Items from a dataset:
★ ★ ★ ★ ★ ★ ★

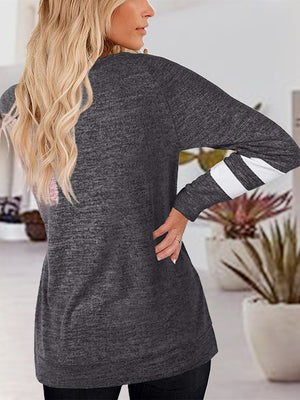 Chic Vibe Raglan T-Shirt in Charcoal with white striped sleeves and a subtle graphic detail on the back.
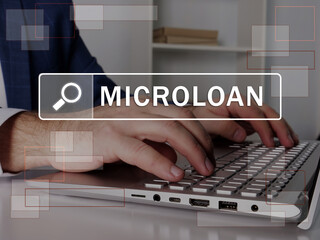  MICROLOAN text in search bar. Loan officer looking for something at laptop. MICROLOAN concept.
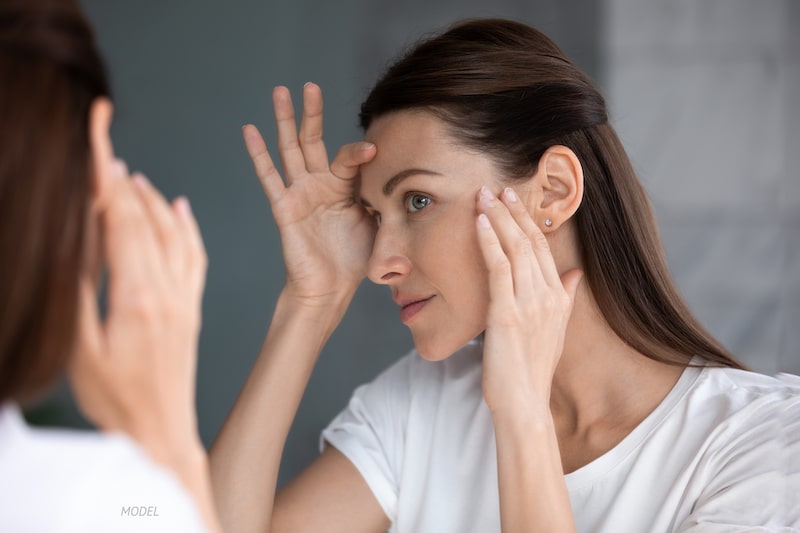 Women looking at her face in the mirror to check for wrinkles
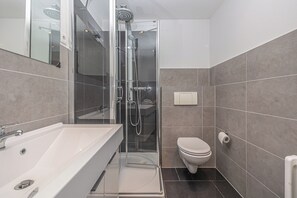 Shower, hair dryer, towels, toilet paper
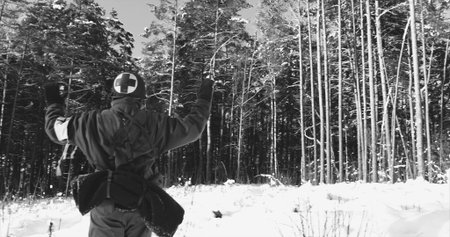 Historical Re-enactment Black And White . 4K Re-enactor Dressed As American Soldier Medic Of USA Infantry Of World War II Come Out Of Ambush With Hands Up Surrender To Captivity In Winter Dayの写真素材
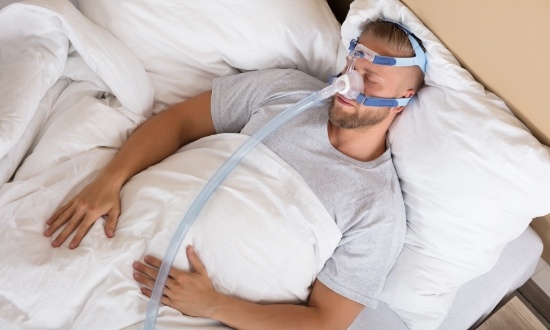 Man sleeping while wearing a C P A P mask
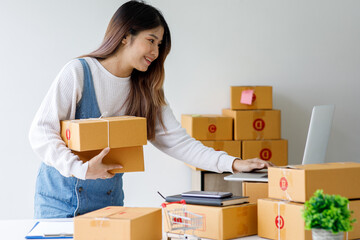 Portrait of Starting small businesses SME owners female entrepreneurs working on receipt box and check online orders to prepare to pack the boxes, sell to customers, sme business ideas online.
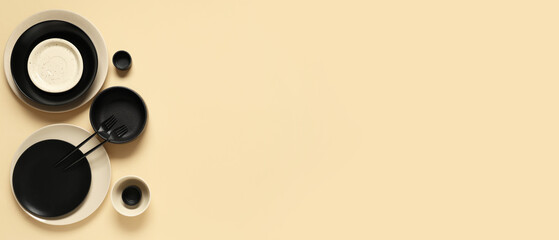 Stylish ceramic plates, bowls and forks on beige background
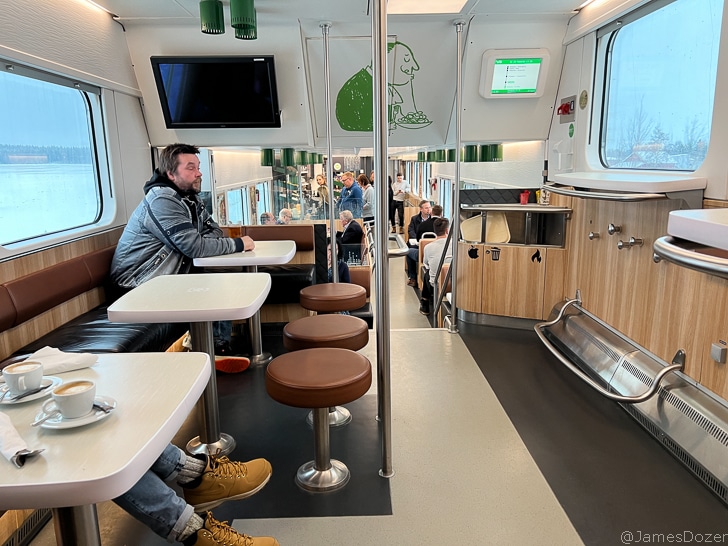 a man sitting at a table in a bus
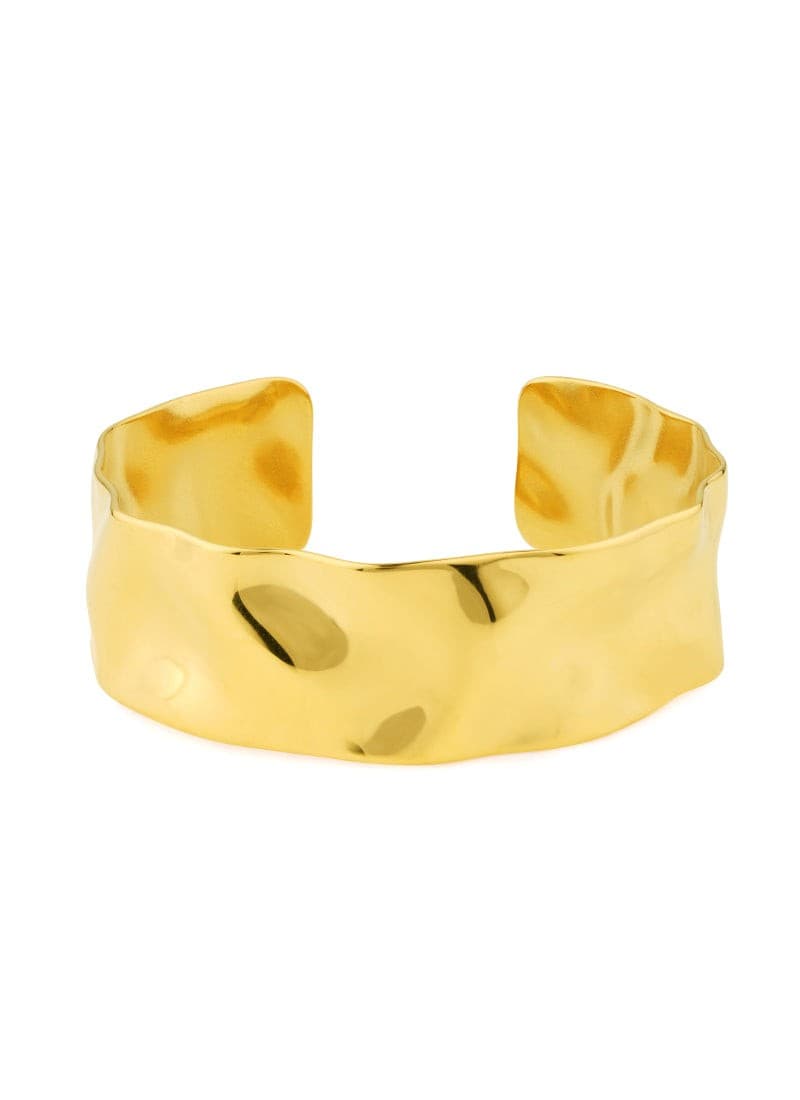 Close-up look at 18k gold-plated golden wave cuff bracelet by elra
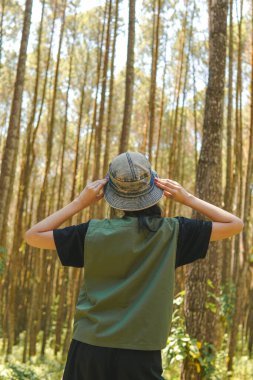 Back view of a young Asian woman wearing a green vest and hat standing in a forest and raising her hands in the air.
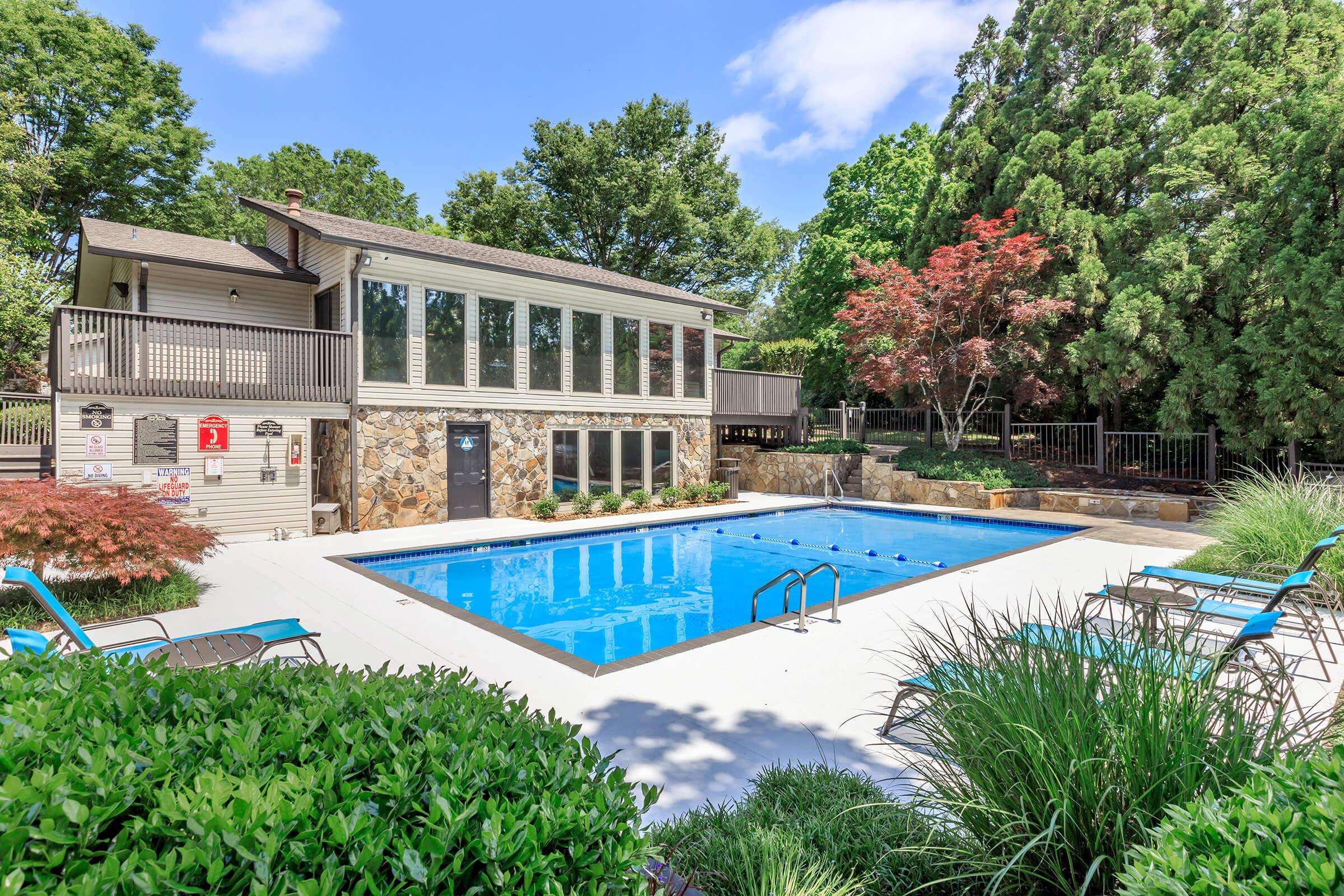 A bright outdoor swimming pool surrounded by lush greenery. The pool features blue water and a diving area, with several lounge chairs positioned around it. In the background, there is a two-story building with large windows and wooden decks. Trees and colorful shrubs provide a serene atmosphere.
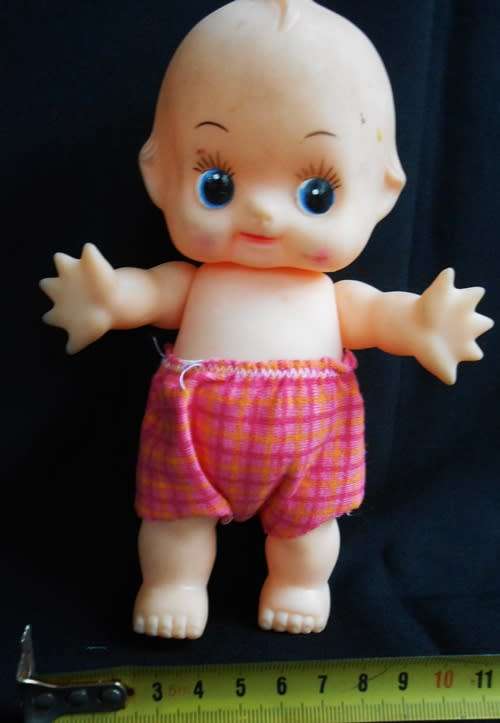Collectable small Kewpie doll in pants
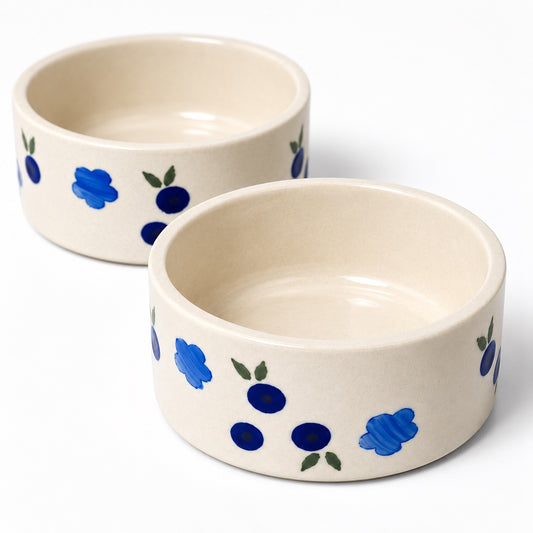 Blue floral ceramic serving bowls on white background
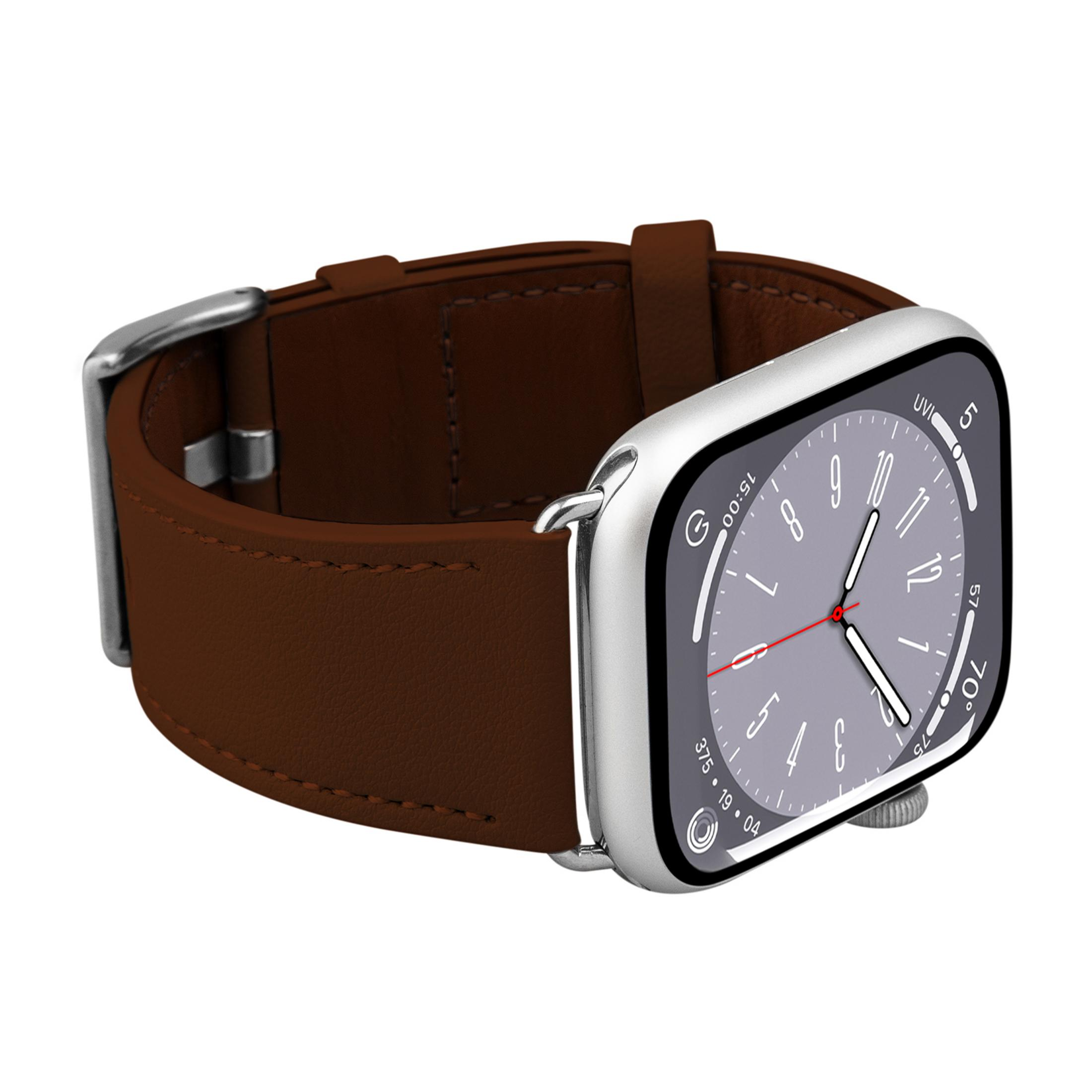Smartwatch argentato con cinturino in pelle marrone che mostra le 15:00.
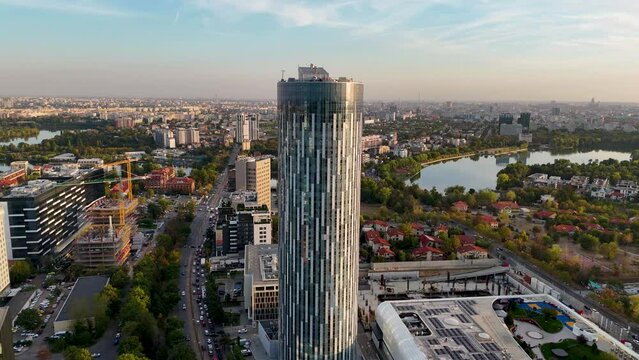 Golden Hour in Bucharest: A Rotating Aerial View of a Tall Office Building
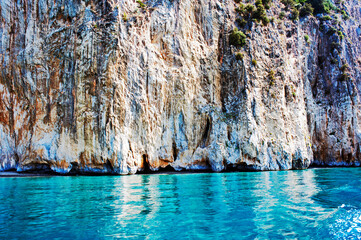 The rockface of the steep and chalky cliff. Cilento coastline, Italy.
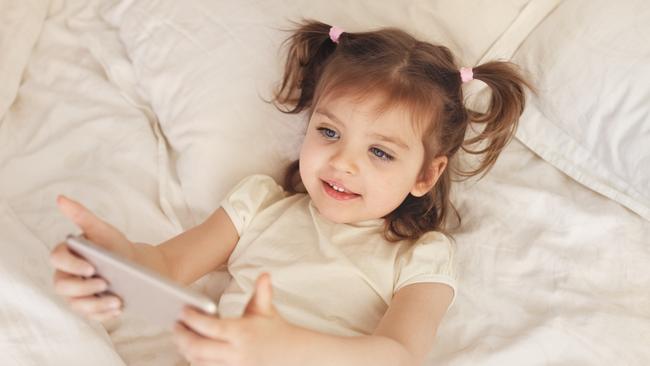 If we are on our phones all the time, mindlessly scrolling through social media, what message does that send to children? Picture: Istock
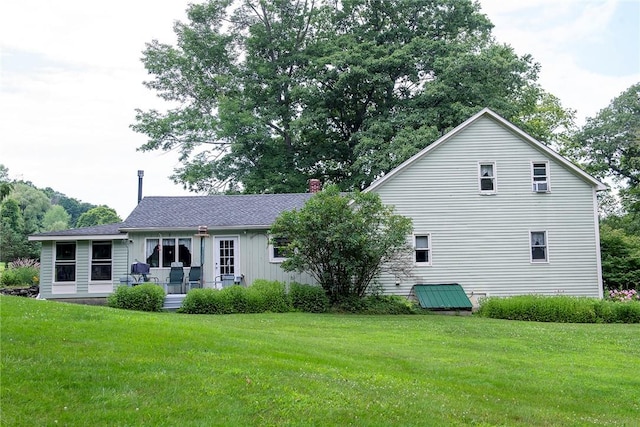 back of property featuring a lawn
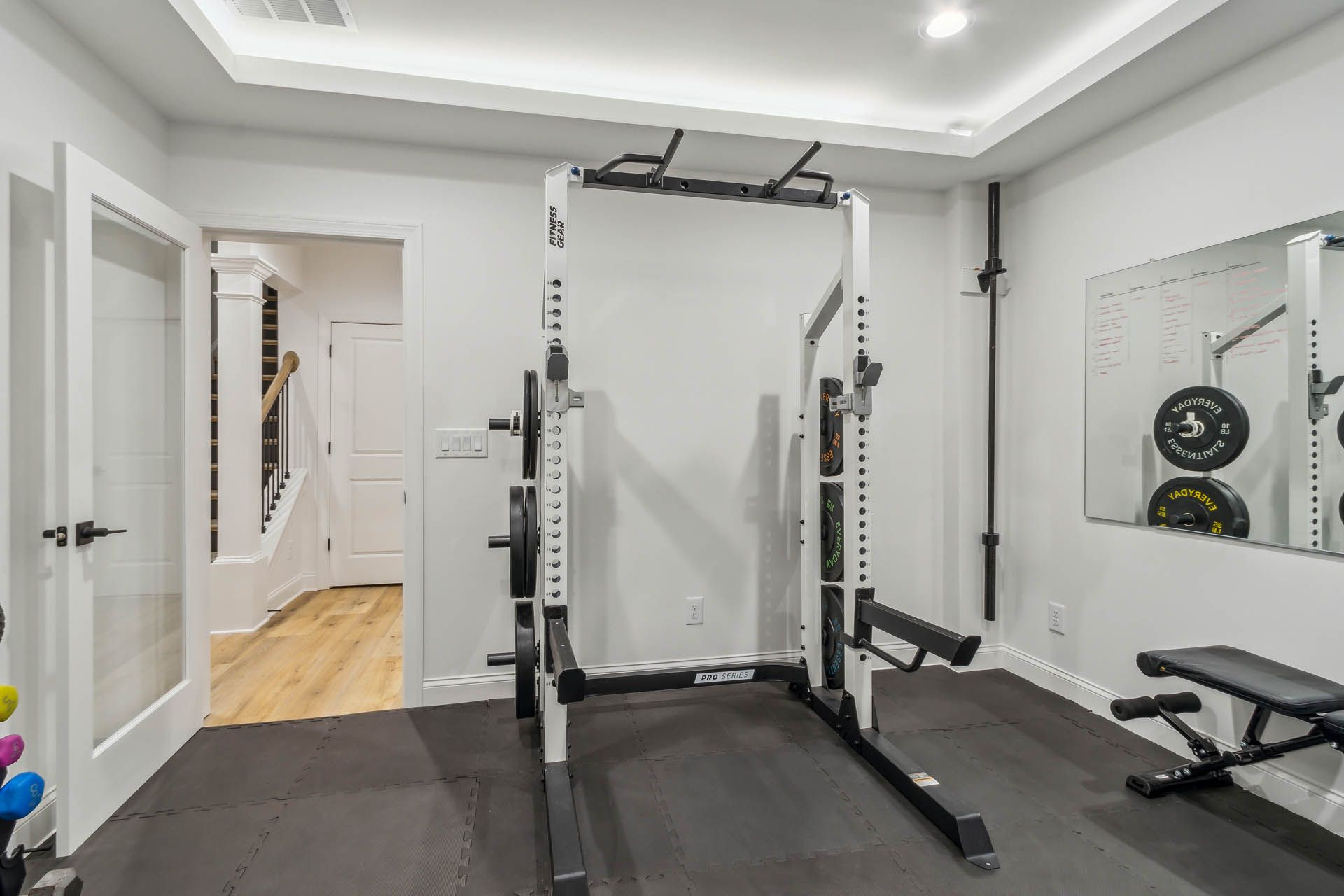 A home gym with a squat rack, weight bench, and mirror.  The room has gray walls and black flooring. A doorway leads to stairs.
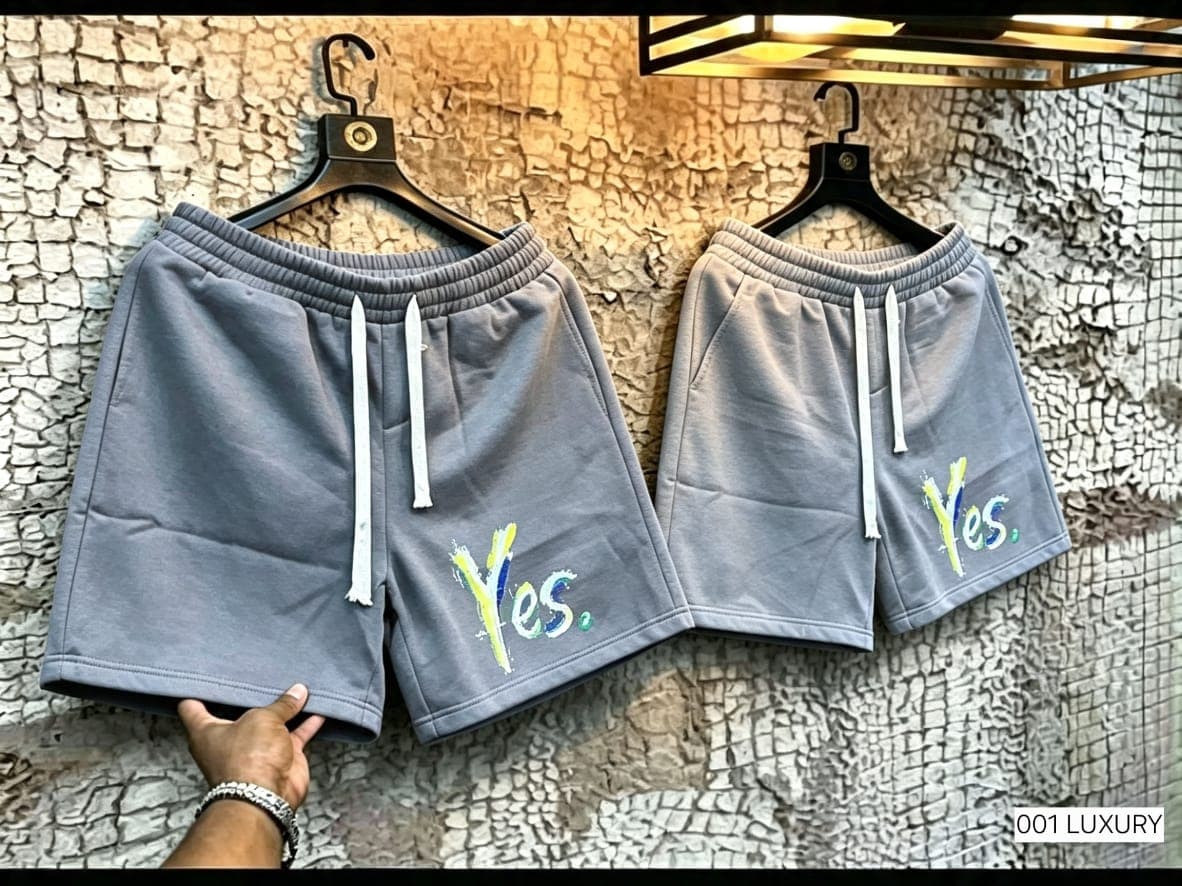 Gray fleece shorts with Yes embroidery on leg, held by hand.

★ ★ ★ ★ ★ ★ ★

TO DO |
From the line holding "Blue floral ceramic" down to the final line of the entries above, print every line exactly. Pictures do not go in.

SOLUTION FOR THIS TASK |
 Blue floral ceramic serving bowls on white background
Smartwatch argentato con cinturino in pelle marrone che mostra le 15:00.
 Golden Hour in Bucharest: A Rotating Aerial View of a Tall Office Building
 The rockface of the steep and chalky cliff. Cilento coastline, Italy.
 If we are on our phones all the time, mindlessly scrolling through social media, what message does that send to children? Picture: Istock
 back of property featuring a lawn
 A home gym with a squat rack, weight bench, and mirror.  The room has gray walls and black flooring. A doorway leads to stairs.
 Gray fleece shorts with Yes embroidery on leg, held by hand.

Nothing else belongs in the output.